Moreover, Plaintiff has similarly failed to allege any personal (i.e., particularized, under Spokeo) injury from Defendant's alleged ADA violations. Under Title III of the ADA, a plaintiff's only available relief is an injunction. See 42 U.S.C. § 12188(a)(1). But § 12188 still requires Plaintiff to establish a personal stake in the case.
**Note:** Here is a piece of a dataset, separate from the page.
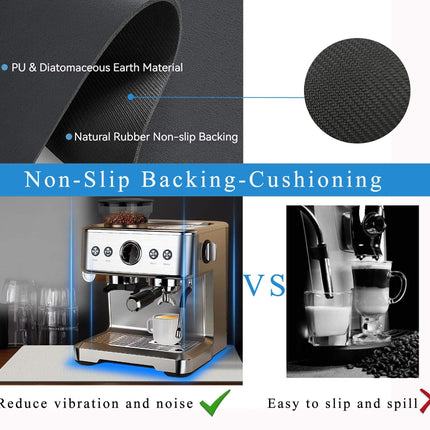 Kitchen Counter Mat for Coffee Maker – Absorbent & Quick-Dry Bar Pad with Non-Slip Backing, Protective Surface for Espresso Machine, Dish Drying Mat (Grey,40*60cm).
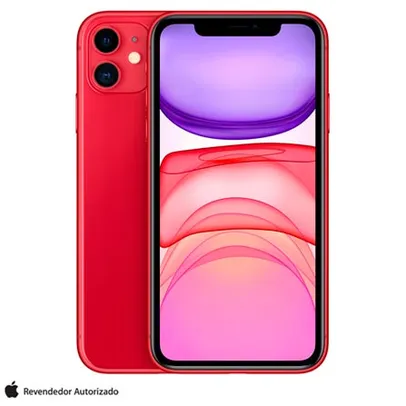 iPhone 11 Apple (64GB) Vermelho, Tela de 6,1", 4G e Câmera de 12 MP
Instead, as explained more fully below, historically Plaintiff's Complaints seemingly appear to assume the role of a code compliance officer who uses the ADA as a strict liability statute without establishing any relationship between his own disabilities and the alleged violations.

Taken together, the Court cannot be assured that Plaintiff has standing to pursue his claims.

B. Additional Deficiencies

The Court will also use this opportunity to note that Plaintiff's Complaint appears to be a copy-and-paste template that Plaintiff has previously used in 155 cases in the District of New Jersey alone over the last 8 years. Indeed, most of these Complaints contain the exact same typo-- omitting the word “of” in between “Section 606” and “the” in a particular paragraph. See e.g., Docket No. 1, at ¶ 13k (“violating Section 606 the 2010. . .]; Maurer v. Sloane, 20-13650, Docket No. 1 (same); Maurer v. Heights Plaza Group, LLC, 20-13705, Docket No. 1 (same); Maurer v. Meckel Enterprises, LLC, 19-9869, Docket No. 1 (same); Maurer v. Pep Boys, 18-9175, Docket No. 1 (same).

Relatedly, the Court will take judicial notice that Jon G. Shadinger, Plaintiff's counsel in this matter, (1) has represented Plaintiff in all of Plaintiff's ADA cases since March 2018-- approximately 66 cases in total-- and (2) never represented Plaintiff before March 2018. Yet the typo identified above appears in Plaintiff's complaints dating back to 2014. See e.g., Maurer v. Traders Lane, LLC, 14-3654, Docket No. 1 (“violating Section 606 the 2010 . . .”); Maurer v. Village Walk LLC, 15-5510, Docket No. 1 (same). In these cases, Plaintiff was represented by John P. Fuller and Robert Donaher.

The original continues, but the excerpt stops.